On the eve of her first steps into adulthood, “Uncle Dan” had reached out in his own way to let her know the truth.
A few days after leaving the boat in Kenai, Fiocla turned 17. Before the year was out, she was married to her first boyfriend, Philip, in a ceremony officiated by the Rev. Paul Shadura at the Russian Orthodox Church.
Philip, the son of a Caucasian father and a half-Russian, half-Athabascan mother, had been born in Kenai in 1912. He fished commercially in the summers and trapped in the winters. By the time the Wilson family had grown to six children in 1949, he also had an airplane, a single-engine Piper PA-12 Super Cruiser, which he used occasionally to fly out men on hunting trips.
One of Fiocla’s favorite times of year occurred when the family ventured down to their setnet site below Wildwood.
“I enjoyed that, taking the kids out on the beach,” she said. “Living in tents. It was just like a vacation for my children. They really enjoyed that.”
Fiocla smiled as she remembered the work involved in commercial fishing. “I liked picking fish. I used to think that was fun. I used to see how many I could carry.
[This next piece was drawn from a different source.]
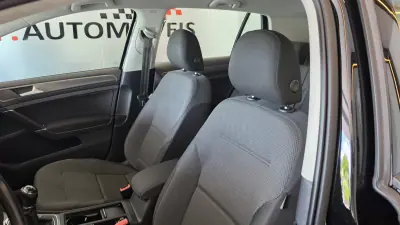 Volkswagen Golf 2013 - 7900 EUR, 207049 km - AUTO.MOTO.pt - 207049km - foto 34 de 54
I could have 10 fish, you know — you put your fingers in their mouth and carry ’em like that.”
As she explained, she held out both hands, palms up, fingers and thumbs curled like hooks.
“And I used to run to (Philip’s) dory to put the fish in.”
From the dory, the fish went to a scow, and then on to a tender that carried them to the Libby, McNeil and Libby cannery across the wide river mouth. She said that when they began fishing in 1934, a single sockeye salmon fetched 7 cents, while a single chinook fetched a dollar. At the Kenai Commercial store at the same time, a pound of butter cost 25 cents.
Fiocla and her family fished the site until the early 1960s, when Philip decided to sell the place and buy a drift boat, which he named the Kenai. In her home today, Fiocla has a Jim Evenson painting of Philip’s plane on skis in the winter, and another painting, by one of her daughters, depicting Philip’s boat on choppy water, with the Kenai bluffs stark in the background.
Philip, who suffered from diabetes, died in 1975. Several years later, Fiocla moved into the home that she still maintains by herself, although one of her daughters lives right next door. She keeps busy with her large family — including 16 grandchildren, 16 great-grandchildren, and several great-great-grandchildren — and as a member of both the Kenaitze tribe and the Kenai Bible Chapel.
These days, the moose are more plentiful in Kenai. Some of them even wander into the neighborhood.